I have searched a while online and still haven't found anything helpful. Could anyone please share your idea? Thank you!
Solution:
See the original answer from @Lukasz Szozda below. The solution is shown below. The main idea is to transform datetime or date type data to numerical values first so that the percentile function can take it and digest it. Then remember to transform the final output to datetime or date format by the end.

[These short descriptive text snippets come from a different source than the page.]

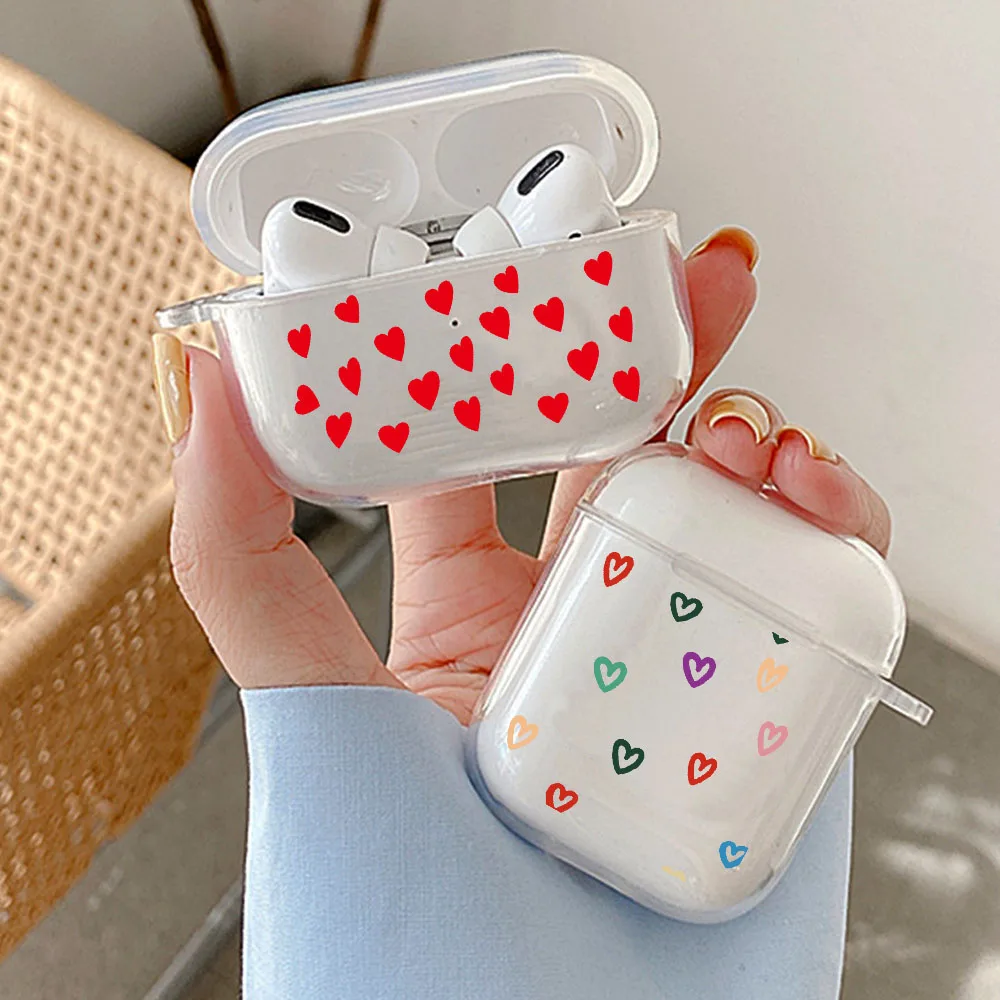 Love Heart Transparent TPU Cover For Apple Airpods 2/1 3 Earphone Coque Soft Protector Funda Airpods Pro Pod Covers Earpods Case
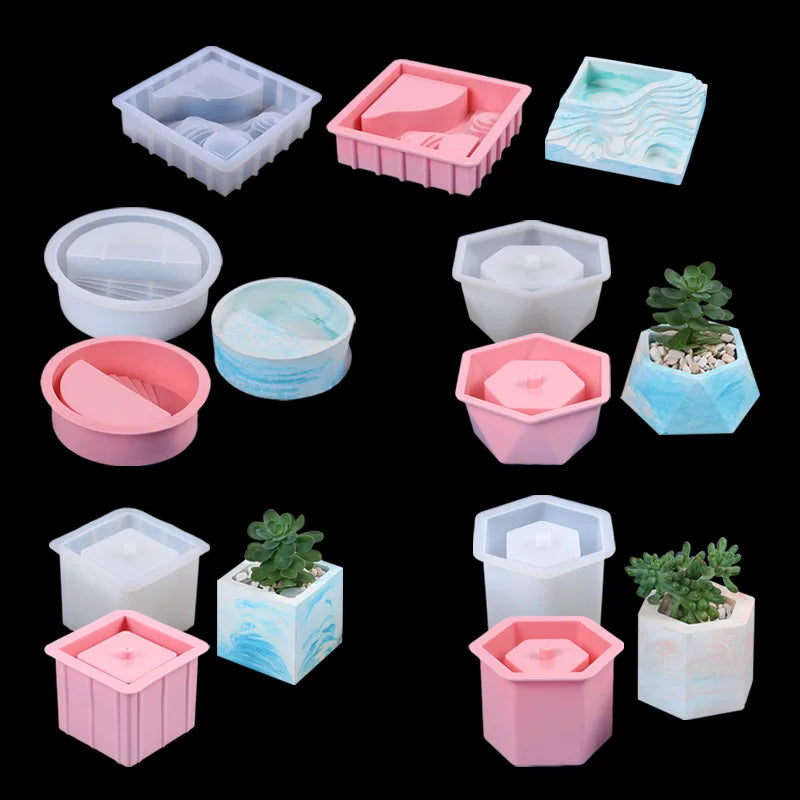 moules savon marbré géométrique moderne rose bleu blanc opaques variées formes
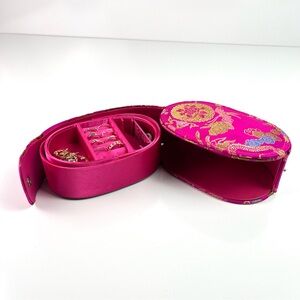 Pink Oriental Costume Jewelry Oval Box with Assorted Rings Earrings Gold Toned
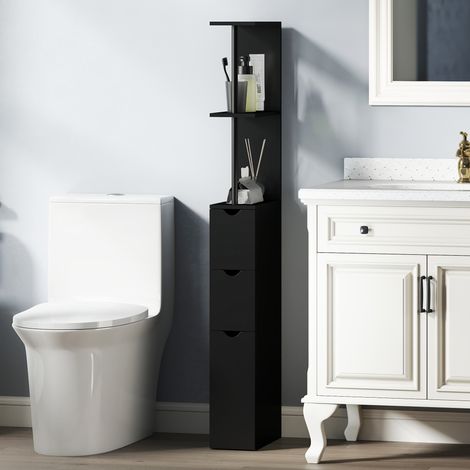 Meuble colonne salle de bain armoire de salle de bain avec tiroirs étagères ouvertes placard 15 x 33 x 136 cm noir (1/5)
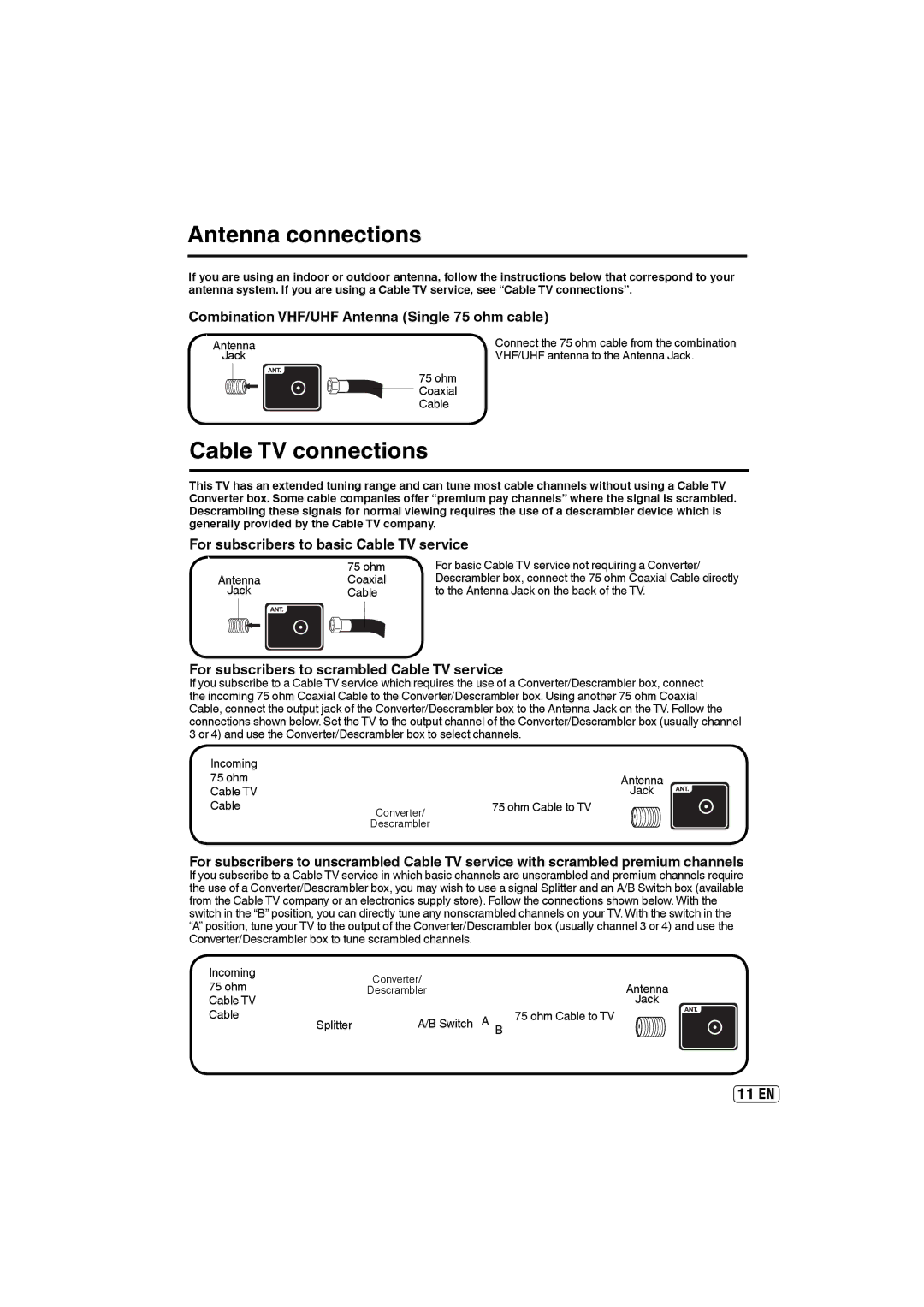 Sansui HDLCD5050A owner manual Antenna connections, Cable TV connections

TO_TIMESTAMP(PERCENTILE_CONT(0.05)
WITHIN GROUP(ORDER BY DATE_PART(EPOCH_SECOND, timestamp)) OVER())
AS date_at_5th_percentile
CodePudding user response:
Using PERCENT_RANK:
CREATE OR REPLACE TABLE tab(id INT, tm TIMESTAMP)
AS
SELECT 1, '2021-06-30 02:19:27.582' UNION ALL
SELECT 2, '2021-06-25 03:20:23.324' UNION ALL
SELECT 3, '2021-05-03 12:33:33.743' UNION ALL
SELECT 4, '2021-07-20 23:04:42.105';
Query:
SELECT *, PERCENT_RANK() OVER(/*PARTITION BY ... */ ORDER BY tm) AS p
FROM tab
ORDER BY id;
However, in Snowflake the percentile functions PERCENTILE_CONT and PERCENTILE_DISC do not accept datetime or date type.
SELECT *, PERCENTILE_CONT(0.05) WITHIN GROUP(ORDER BY tm) OVER() AS p
FROM tab
ORDER BY id;
-- incompatible types: [TIMESTAMP_NTZ(9)] and [NUMBER(9,0)]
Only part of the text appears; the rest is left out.